— Data under study —
┌────────

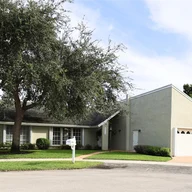 Casa a la venta en 9315 SW 172nd Ter, Palmetto Bay FL 33157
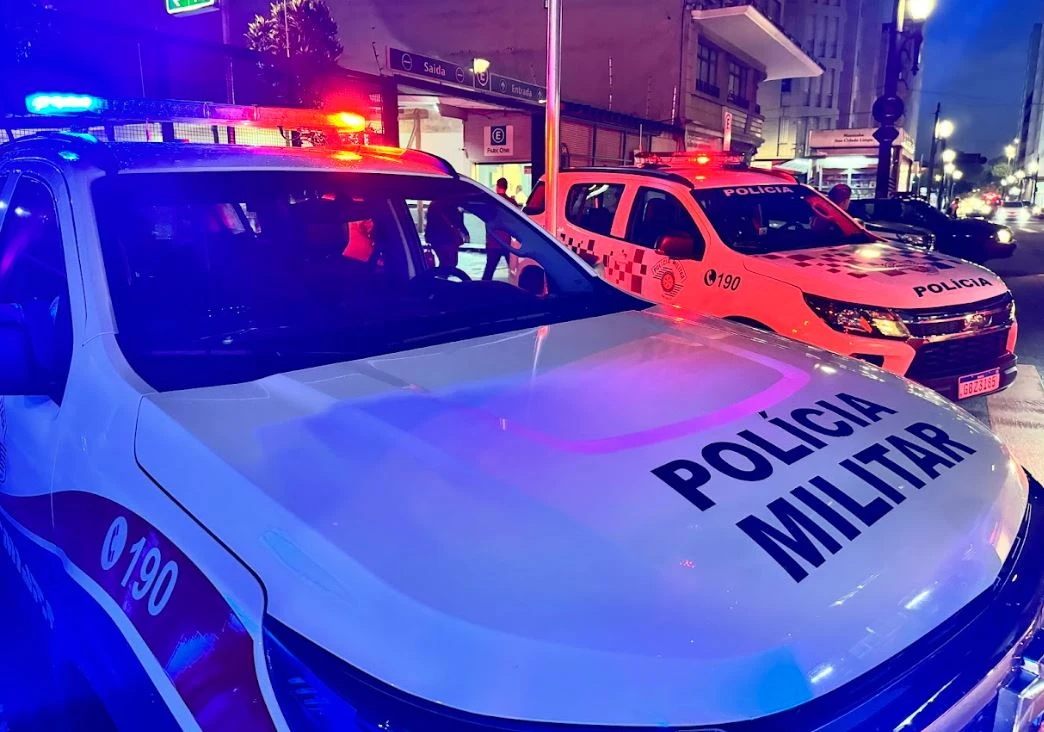 PM resgata bebê e salva mulher de violência doméstica após ‘pedido de pizza’ para o 190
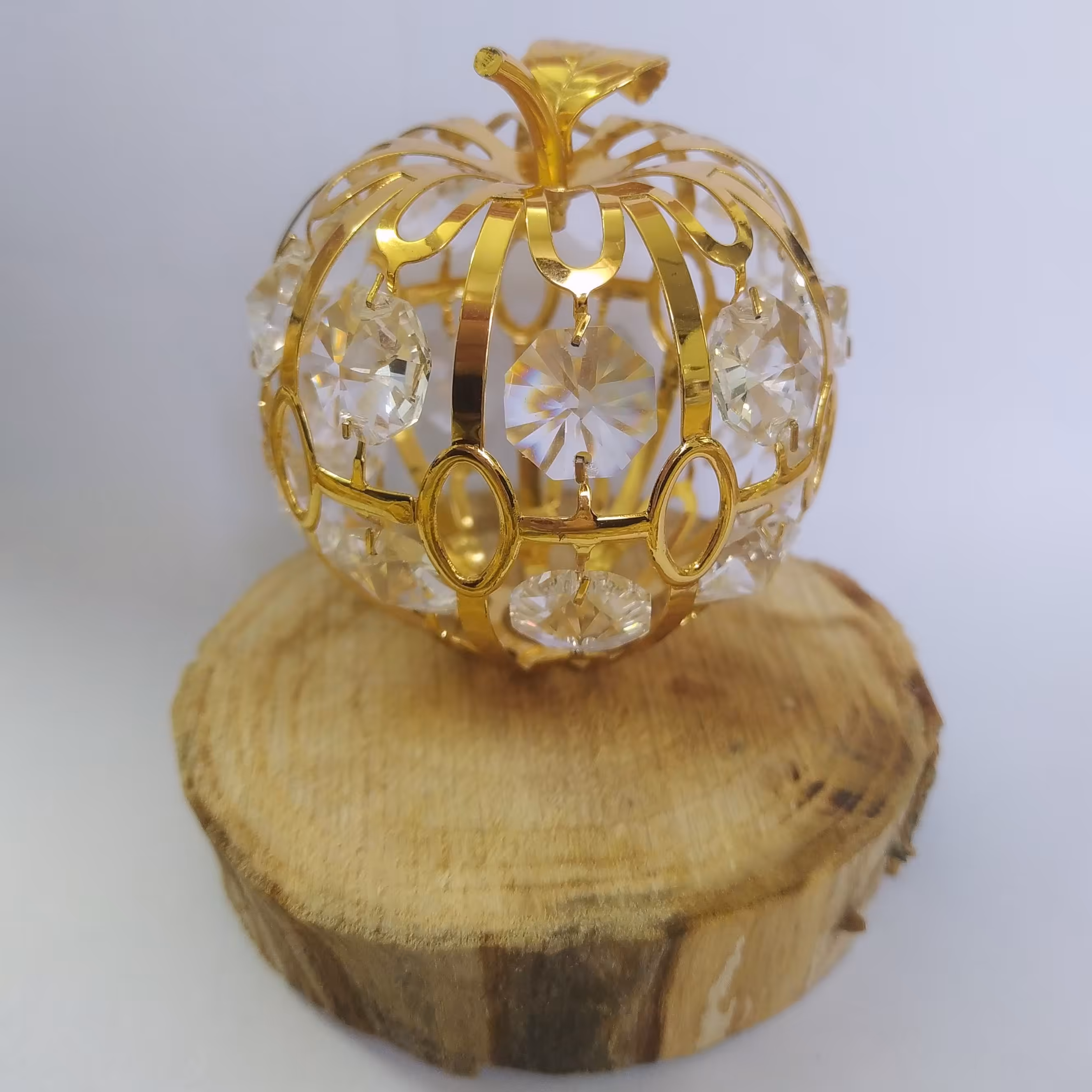 سیب روکش طلا 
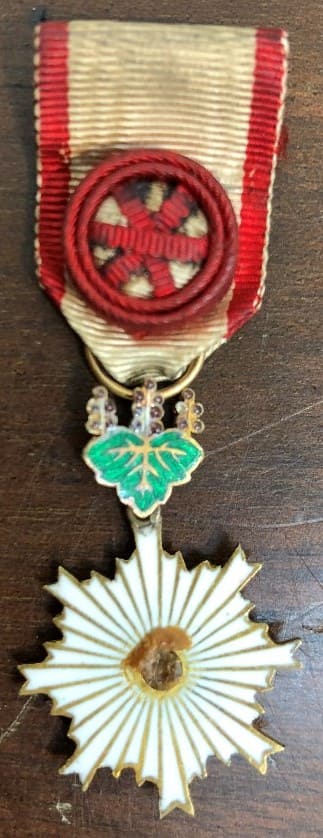 British made miniature of Rising Sun  order.jpg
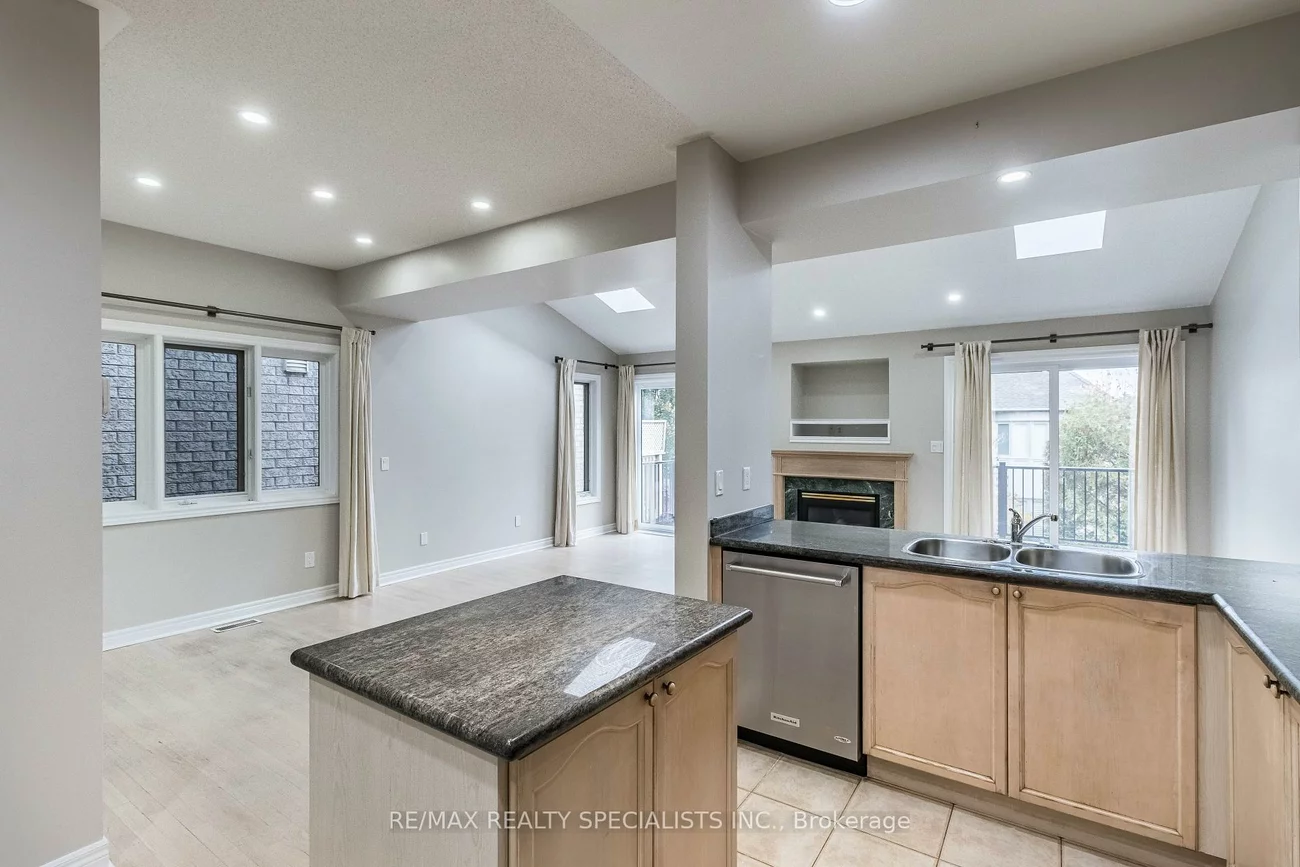 2115, Pinevalley, 1009 - JC Joshua Creek, Oakville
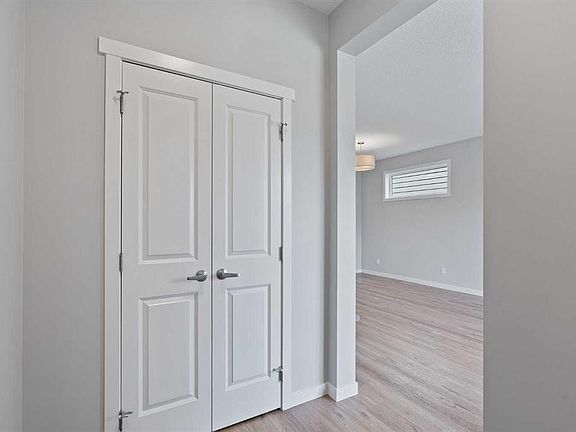 3rd image of 1006 Mahogany Blvd SE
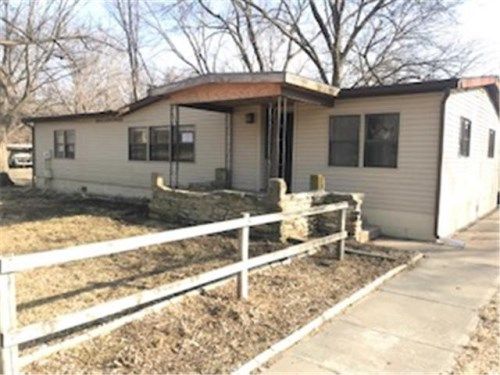 125 5th St, Strong City, KS 66869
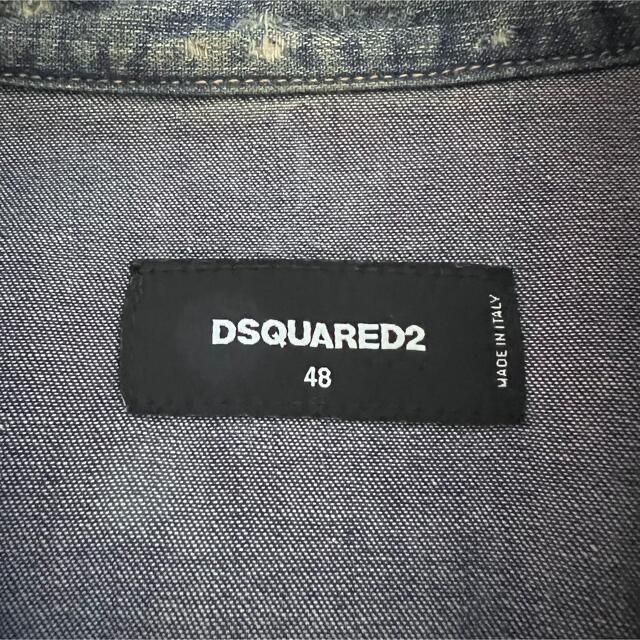 DSQUARED2(ディースクエアード)のディースクエアード ディースク デニム　シャツ ダメージ ワッペン ブルー メンズのトップス(シャツ)の商品写真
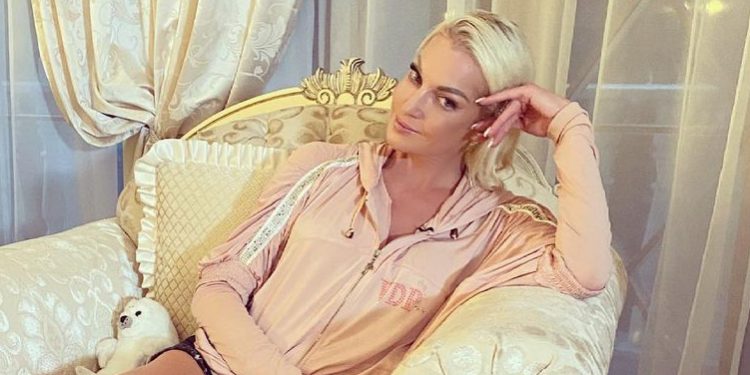 Всеми ногами за! Волочкова во время пресс-конференции задрала ногу за голову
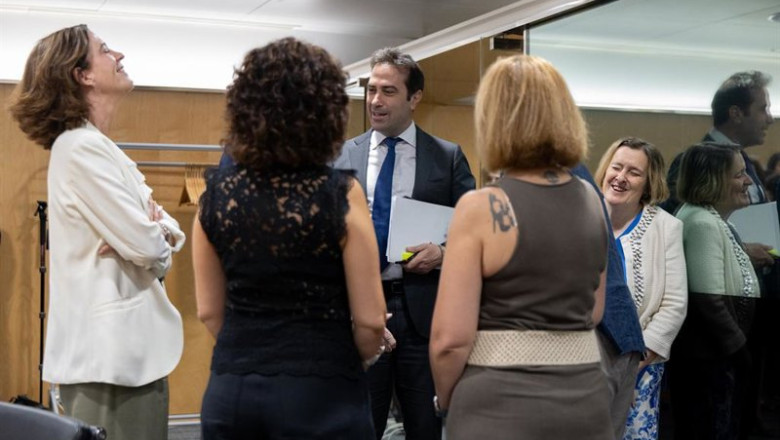 ep el vicepresidente primero y ministro de economia comercio y empresa carlos cuerpo c se reune con ep el vicepresidente primero y ministro de economia comercio y empresa carlos cuerpo c se reune con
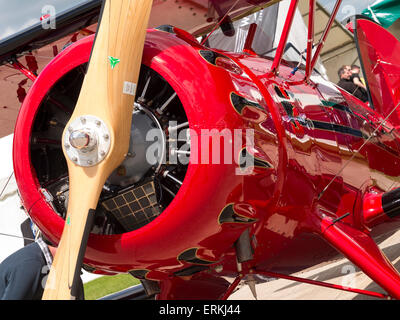 Il motore e l'elica di un Waco sport biplano,a Aerexpo 2015 aviation evento,a Sywell airfield,Northamptonshire, Gran Bretagna Foto Stock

└────────

— Problem details —
Begin with the line that has "2115, Pinevalley, 1009" and continue to the last line of the entries, printing each line exactly and nothing else; include both ends and skip the pictures.

— Result below —
 2115, Pinevalley, 1009 - JC Joshua Creek, Oakville
 3rd image of 1006 Mahogany Blvd SE
 125 5th St, Strong City, KS 66869
 DSQUARED2(ディースクエアード)のディースクエアード ディースク デニム　シャツ ダメージ ワッペン ブルー メンズのトップス(シャツ)の商品写真
 Всеми ногами за! Волочкова во время пресс-конференции задрала ногу за голову
 ep el vicepresidente primero y ministro de economia comercio y empresa carlos cuerpo c se reune con ep el vicepresidente primero y ministro de economia comercio y empresa carlos cuerpo c se reune con
 Il motore e l'elica di un Waco sport biplano,a Aerexpo 2015 aviation evento,a Sywell airfield,Northamptonshire, Gran Bretagna Foto Stock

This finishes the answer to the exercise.